JLR Takes to the Dirt to Advance Driverless Cars

Pushing tech to extremes improves it, Jaguar Land Rover’s Nigel Clarke tells Eric Volkman.

It was inevitable that autonomous research would veer off the streets. After all, the more adventurous of us occasionally free our vehicles from the asphalt and take them into nature.

However, it was perhaps more inevitable that Jaguar Land Rover (JLR), maker of some of the hardiest vehicles in history, would launch a research project dedicated to off-road autonomy. This past May, the storied British automaker announced the launch of its Cortex project, aimed at developing autonomy in a wide range of off-road conditions. It is collaborating with the University of Birmingham on the effort.

TU-Automotive spoke to JLR’s Level 5 all surface advanced sensing senior manager Nigel Clarke about Cortex, and the broader future of his company’s self-driving efforts.

Q. Why are you taking self-driving research into the woods and onto the hills?

“Self-driving technology relies on detection of road markings requiring clear markings and good weather. In reality, driving is never that simple. Road markings can be unclear, faded or obscured and weather and dirt can impact sensors. Taking autonomy off-road forces us to test our vehicles in the most extreme road and weather conditions. In doing so we will ensure that our self-driving vehicles will be the most capable on and off-road.”

Q. When did the Cortex project formally begin?

“Cortex was announced as part of the third round of Connected and Autonomous Vehicle funding from public “innovation agency” Innovate UK in March 2018. However, elements and features of the project have been going on for some time. We first spoke publicly about All Terrain Progress Control and Terrain Based Speed Adaptation in 2016 which certainly laid the foundations for this project. As an organization we’ve been working on autonomy for many years, UK Autodrive for example which has just shown Level 4 autonomy in Milton Keynes and Coventry City centers, began in 2015.”

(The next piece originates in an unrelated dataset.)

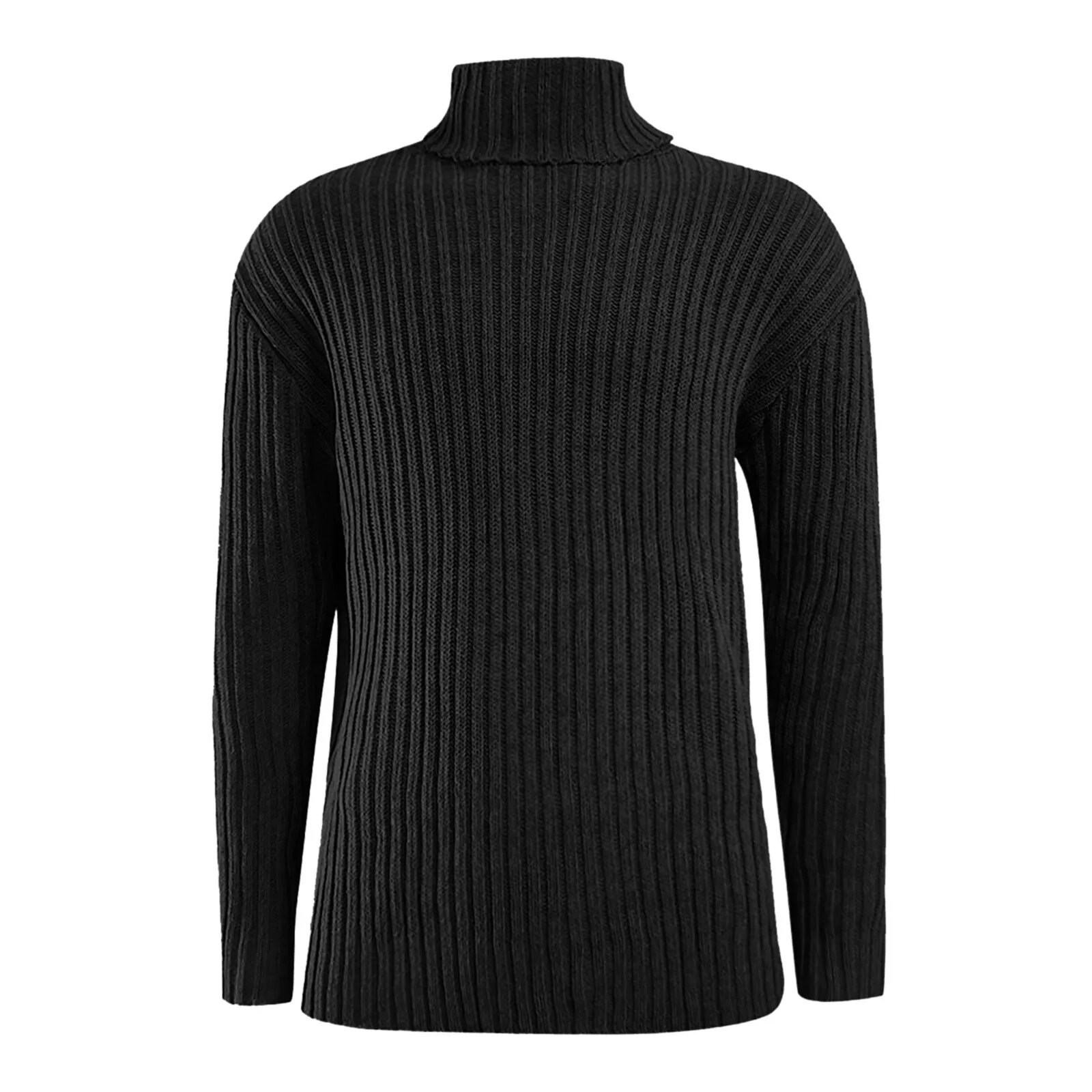 Cricsblue Men Sweater Autumn Winter Turtleneck Pullover Warm Solid Color Slim Fit Jacquard Knitted Sweaters Bottoming Shirt Basic Tops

Q. Are you concerned that your competition might take this as incentive to launch their own off-road autonomous projects?

“Not at all, there are so many key players in the world of self-driving that it would be a great surprise if no one else was working on this too! Self-driving is such a multi-faceted challenge requiring help from infrastructure, governments, academic institutions and specialist areas of expertise. Collaboration helps us to accelerate technology advancements and I’m positive that introducing competition only furthers this too.”

Q. It’s obvious that off-road autonomy has considerable obstacles. At this stage, what has been the most challenging aspect of the Cortex project?

“Its early days for Cortex but as we mentioned earlier we have been doing pre-work in this area. Historically, we have taken the results of Tier 1 suppliers to use in our products and have not worked directly with the technology and chip suppliers ourselves. So, we’ve had to build relationships with these companies to get access to raw data and the latest developments in hardware. The Tier 2’s have been very welcoming, their view being that it helps them get better understanding of what the end-user really needs from the technology. We now have raw data and the next challenge is “Big Data” and how to extract the information we believe we want from it.”

Q. You are conducting your research in England. Will you also develop and test off-road autonomy in other geographies and climates?

“We already test our off-road features around the world – we’ve just completed testing of other technologies in Arizona, Sweden, Dubai and India. So, yes we will test around the world.”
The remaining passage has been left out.